Comment écrire sur le cinéma sans en avoir parlé. Je fréquente actuellement, en tout bien tout honneur, donc purement amicalement, Clo qui se fiche du cinéma comme de ses premières culottes. J'aime beaucoup Clo qui me le rend bien mais quand je lui ai montré des extraits d'A bout de souffle et Bande à part, elle m'a juste dit que c'était "mal joué". Je respecte profondément ce point de vue mais celui-ci ferme toute possibilité de discussion. C'est le même prix, c'est Monoprix.
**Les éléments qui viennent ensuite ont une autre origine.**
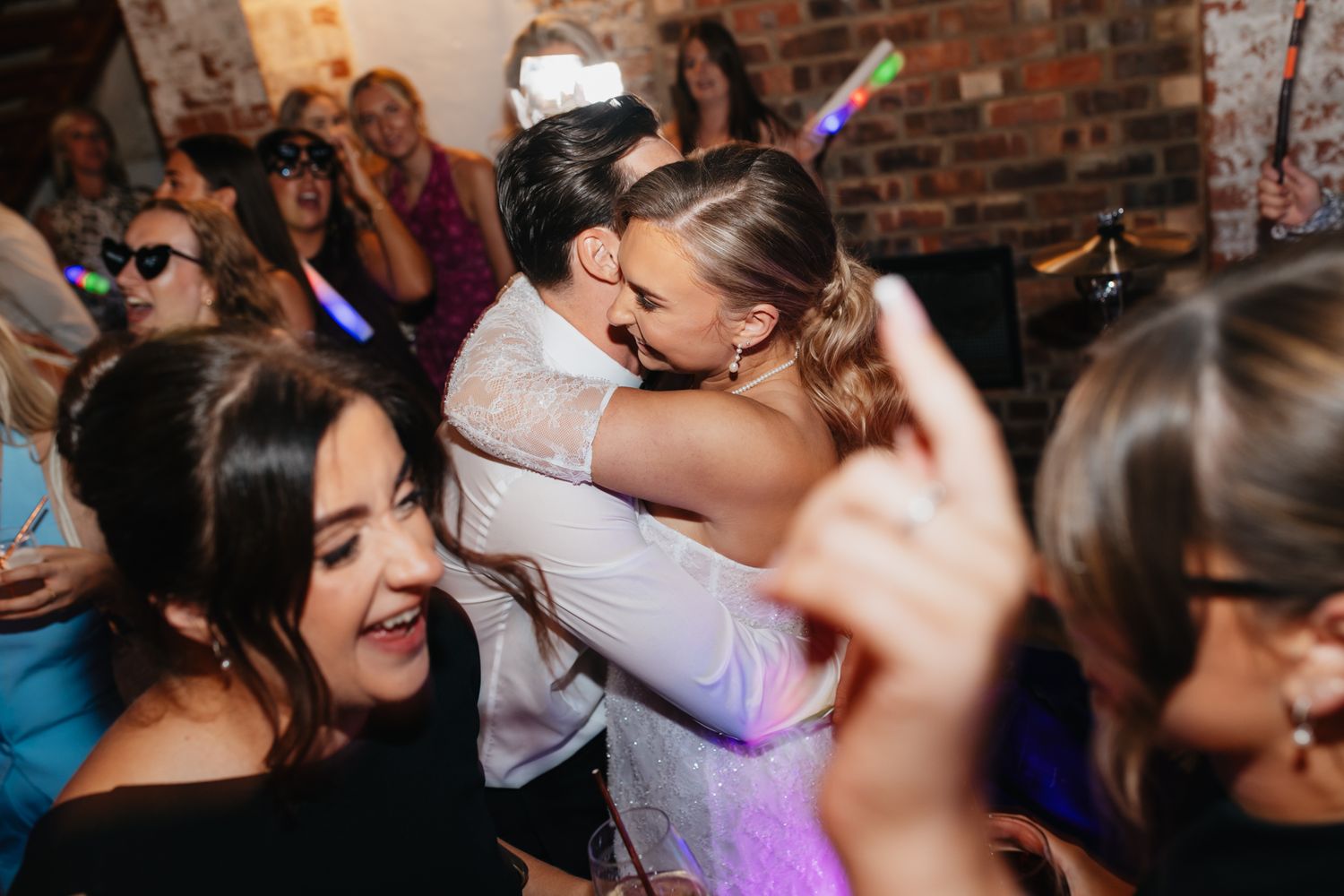 Wedding reception dance floor filled with energetic celebrating guests under colorful lights.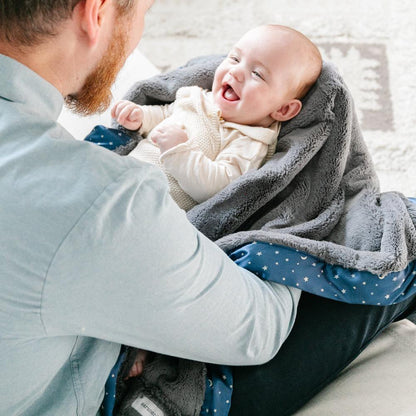 Snuggly receiving blanket with a soft, gentle texture, perfect for wrapping your baby in warmth.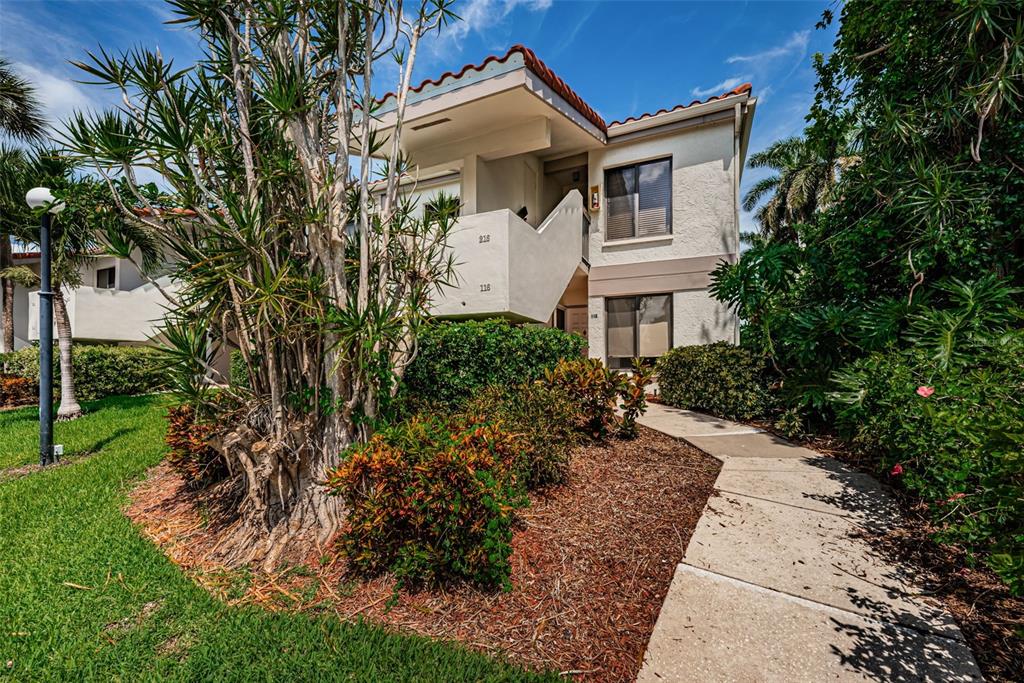 A two-story stucco apartment building features a tiled roof, exterior stairs, and lush landscaping — 6273 BAHIA DEL MAR BOULEVARD UNIT 116, ST PETERSBURG, FL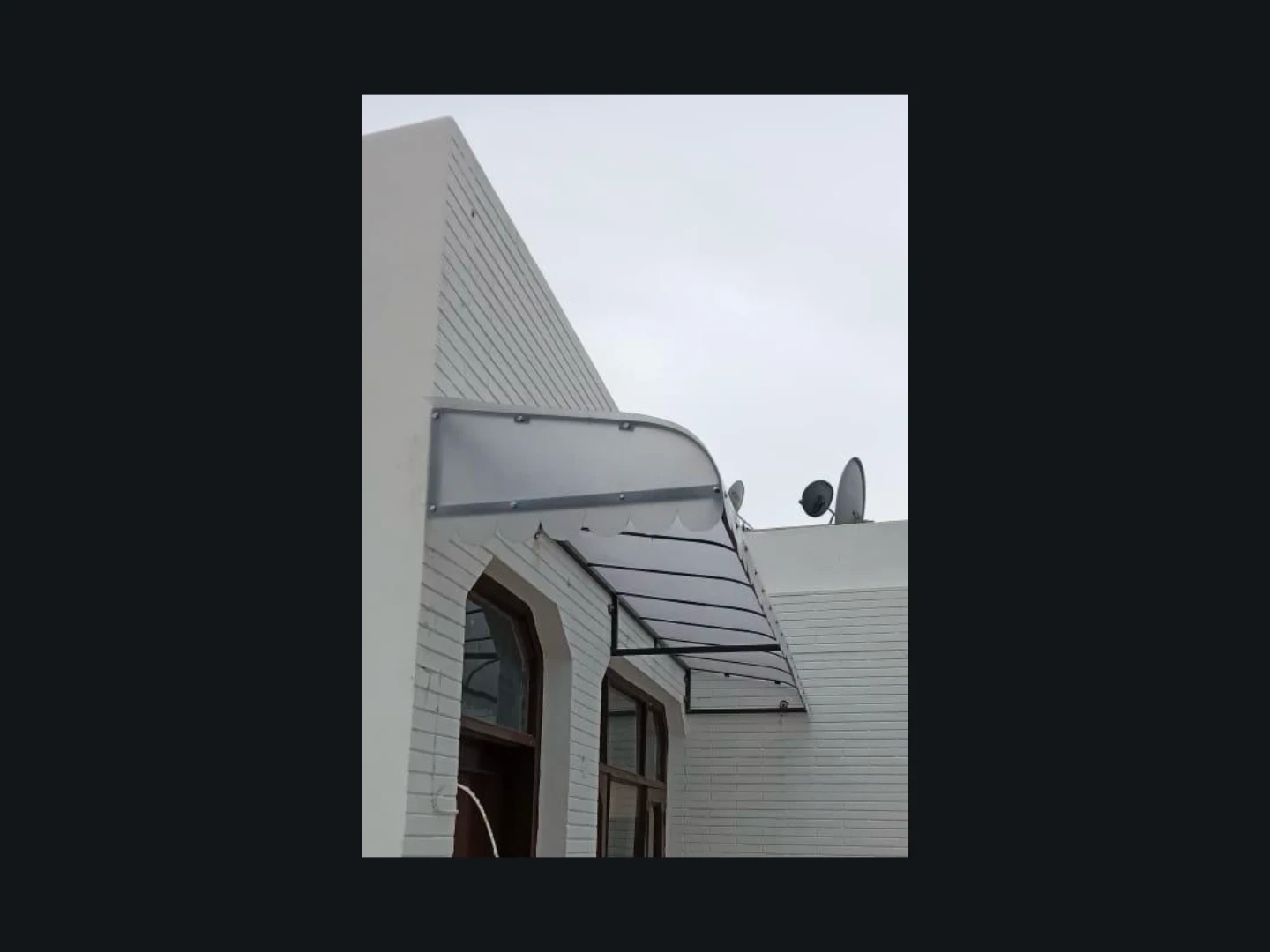 Polycarbonate balcony cover letting daylight through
J'aime la sincérité. En fait, j'en ai besoin. Je suis sincère quand j'affirme J'aime les gens et autant quand je ressasse Je déteste les gens, totalement sincère et à juste distance de l'ignoble Les gens m'indiffèrent. Là, il me vient l'image tragique de Jean Valjean sous les traits d'Harry Baur, les empoignades verbales stupides en faisant la queue, la foi inaltérable en l'Amour sans limites, Louis-Ferdinand Céline, Docteur Destouche soignant gratuitement les malheureux puis leur apportant sans les forcer le réconfort de la littérature, comme religion sans spectre à adorer. Je me revois ces jours-là, un moi sans crainte que le bonheur s'altère. La fin du bonheur comme la fin de la vie, quelque chose d'étrange et de contraire à la raison. Jean Valjean, ce dos solide, cette certitude finale de n'avoir pas vécu pour rien.
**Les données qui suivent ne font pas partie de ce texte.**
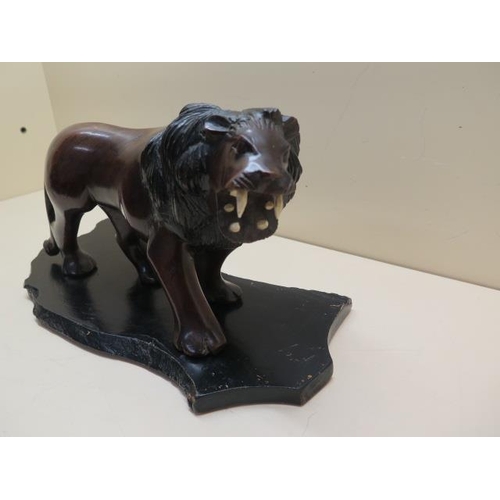 310 - A carved hardwood lion on stand, 15cm tall x 29cm long, in good condition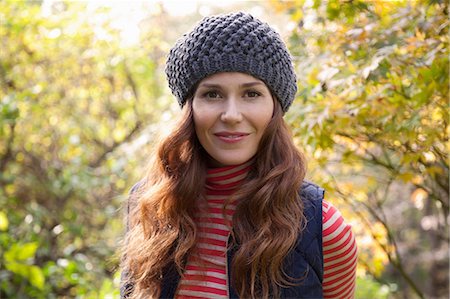 Smiling woman standing outdoors Stock Photo - Premium Royalty-Free, Code: 614-06625034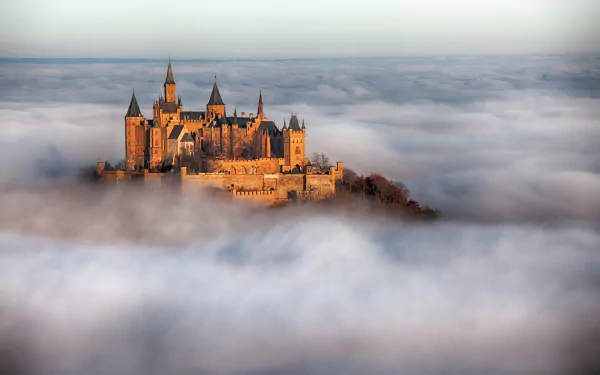 A stunning HD wallpaper of Hohenzollern Castle emerging from a sea of clouds, showcasing the enchanting blend of man-made architecture and natural beauty.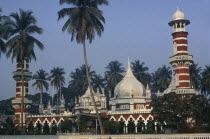 Masjid Jamek or Friday Mosque.  Exterior with domed roof and red and white striped minarets.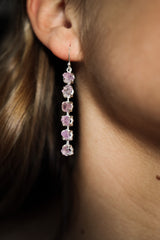 Six Stone Raw Amethyst dangle earring in 925 sterling silver shown worn on the ear with linked purple crystals.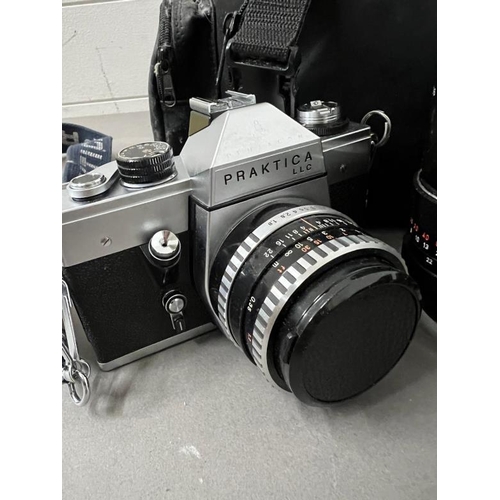 204 - Two Praktica cameras and lens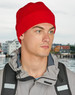 A red beanie worn by a person, paired with a grey jacket, set against a blurred background of a waterfront.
Je me souviens de ce type, même si je ne me rappelle rien de lui, rien d'autre que son "So british" inattendu, mais plaisant. Comprenne qui voudra. C'était un beau quartier de Paris où je ne vais plus guère, craignant les fantômes qui se manifestent parfois la nuit quand je ne dors pas ou quand je dors mal. Ça me rappelle une chanson de Nougaro.